Une victoire historique dans les Hauts-de-Seine !

 

Nous avons repris Clamart dès le 1er tour grâce à Jean-Didier Berger, et au 2ème tour Colombes, Asnières et Fontenay-aux-Roses, parce que, dans ces villes, tous ont su se rassembler : bravo et merci à Nicole Goueta et à Lionnel Rainfray, aux 4 listes de Fontenay qui se sont unies derrière Laurent Vastel, à Cyrille Dechenoix qui s’est désisté en faveur de Manuel Aeschlimann.

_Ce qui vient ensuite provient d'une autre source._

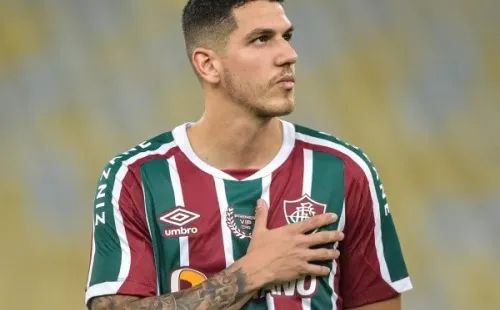 Nino também deve renovar seu contrato - Foto: Thiago Ribeiro/AGIF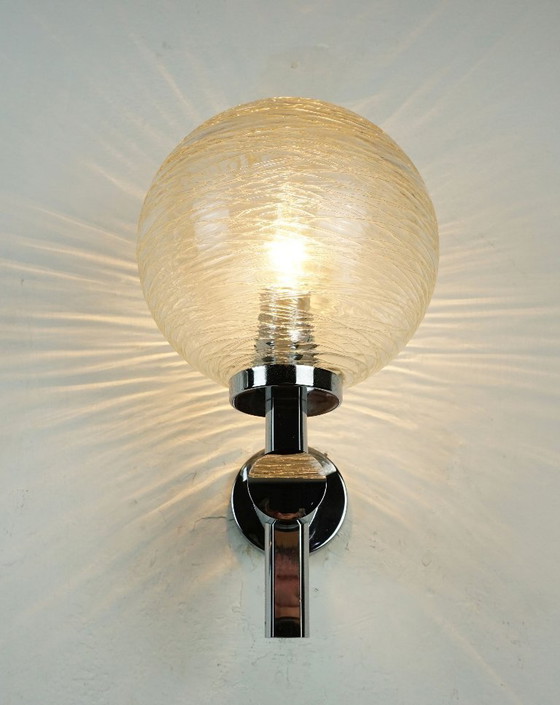 Image 1 of coppia di eleganti applique vintage in vetro strutturato e cromo anni '70 e '80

Grâce à eux tous, dans notre département, 31 villes sur 36 sont dirigées par notre majorité UMP, UDI, Action locale.

Cela me rappelle 1983, et la belle victoire que les Hauts-de-Seine doivent à Charles Pasqua, qui avait su trouver la relève pour reprendre des bastions socialistes et communistes : Christian Dupuy à Suresnes, Jean-Pierre Schosteck à Châtillon, Patrick Balkany à Levallois, Jean Caillonneau à Sèvres et moi-même à Antony…. Ils furent rejoints par Philippe Pemezec au Plessis-Robinson, Georges Siffredi à Châtenay-Malabry, Nicole Goueta à Colombes.

Maintenant nous avons la possibilité d’agir pour nos concitoyens, pour faire en sorte qu’ils soient plus nombreux à soutenir cette politique de bonne gestion et de développement harmonieux de notre territoire : c’est cela la marque de fabrique des Hauts-de-Seine, c’est ce que nous devons revendiquer haut et fort pour l’ensemble du territoire métropolitain.

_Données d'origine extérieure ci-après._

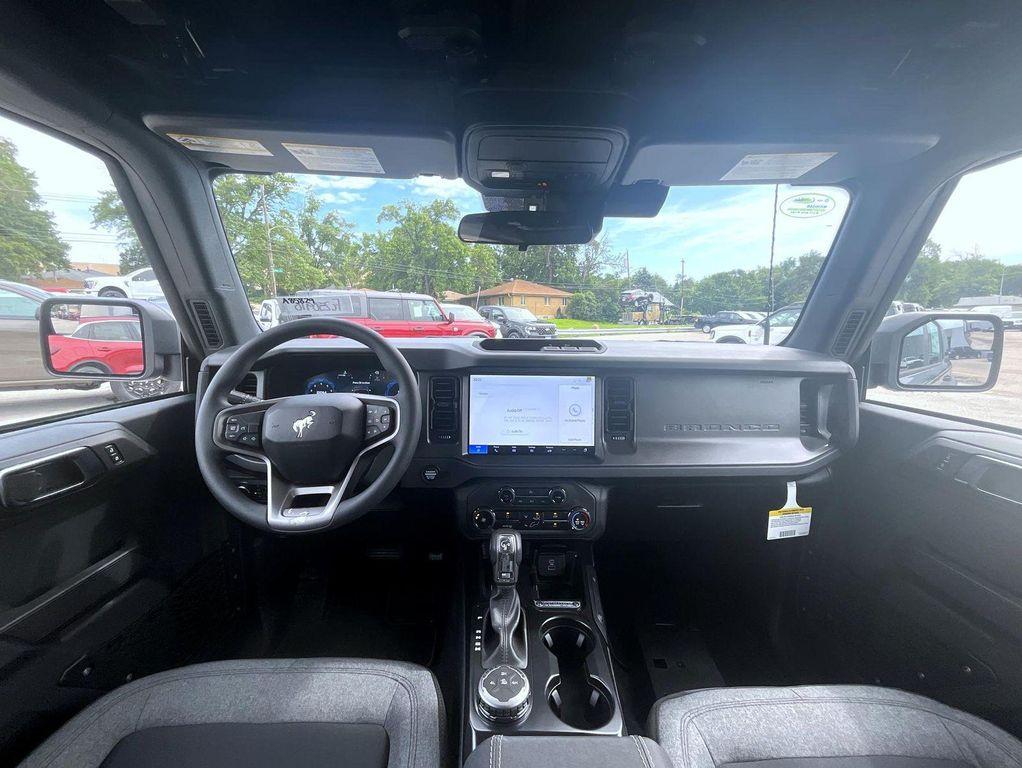 new 2025 Ford Bronco car, priced at $38,663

Nous sommes quelques élus déterminés à agir à l’intérieur de cette Métropole du Grand Paris pour avoir une fiscalité maîtrisée, un urbanisme raisonnable, choisi et non pas subi, et des services publics de grande qualité. Et nous devrions avoir la majorité : 183 conseillers de droite sur 352 !

Et  pour la France entière, c’est aussi une formidable victoire : bien sûr, il nous manquera Paris, mais partout ailleurs nous avons des succès extraordinaires : Toulouse, Reims, Angers, Limoges (qui était socialiste depuis 1912). Sur les 27 villes de plus de 100 000 h, nous en aurons 20 dorénavant.

Mais n’oublions pas que c’est dans la nature des choses : les élections intermédiaires sont difficiles pour le pouvoir en place. Nous en avons fait nous-mêmes l’expérience, et il faut éviter les cocoricos excessifs. Mais il est rare que la sanction soit d’une telle ampleur. Le gouvernement a payé de ne pas avoir entendu les Français : « assez des impôts ! assez des divisions ! assez des diversions ! »

Cette grande victoire nous donne des devoirs : demain nous devons travailler à une alternative. Il ne suffit pas de critiquer le gouvernement. Il faut de la patience, de l’écoute, de l’humilité, du travail et une réflexion solide pour proposer des solutions courageuses.